La reazione dei mercati finanziari è stata molto positiva, quella dell’economia reale ovviamente potrà essere valutata solo su orizzonti temporali più estesi, almeno di qualche trimestre.

Rimane il fatto che lo scenario di riferimento è mutato. La riproduzione della politica economica ha cambiato modalità: da una riproduzione autonoma e veloce, a una riproduzione sessuata, inevitabilmente più lenta, ma in grado di generare un maggior numero di possibili combinazioni e risultati.
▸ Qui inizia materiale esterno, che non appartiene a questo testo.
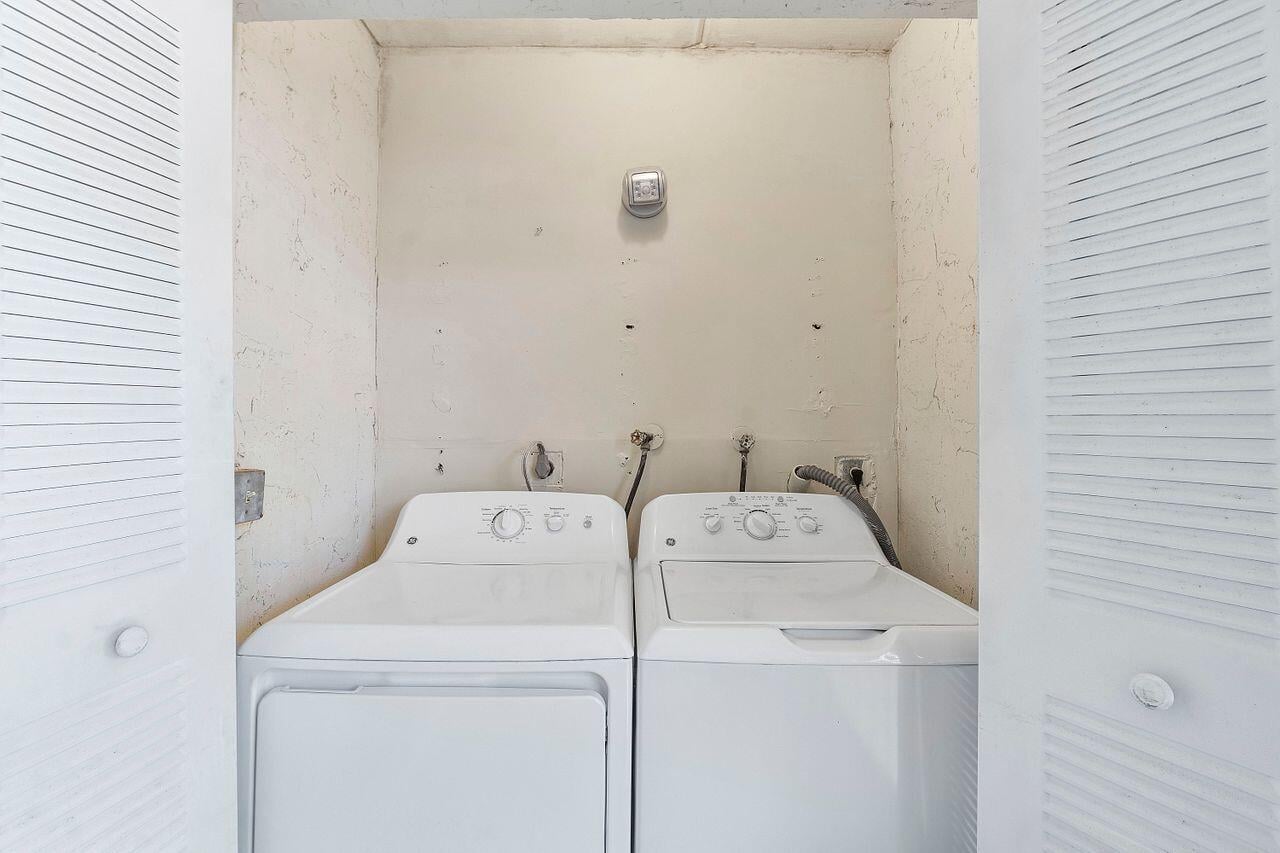Unit 107 photo 25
Come in tutti i processi evolutivi, è verosimile che possa servire una fase di tentativi ed errori per capire quali combinazioni, quali caratteristiche degli interventi di politica fiscale e monetaria, possano rivelarsi più adatti per le diverse situazioni. Laddove la sola politica monetaria aveva cominciato a mostrare i suoi limiti, la possibilità di fondere nella politica economica il patrimonio genetico di due genitori, uno fiscale e uno monetario, mette potenzialmente a disposizione del mondo strumenti per fronteggiare un maggior numero di sfide, anche impreviste, grazie alla flessibilità di poter generare più “mutazioni” per rispondere. Non foss’altro che per un aspetto meramente biologico, in un contesto nel quale l’incertezza sull’economia, sui mercati e non solo, potrebbe essere destinata a perdurare, questo cambiamento nell’evoluzione della politica economica mi sembra positivo.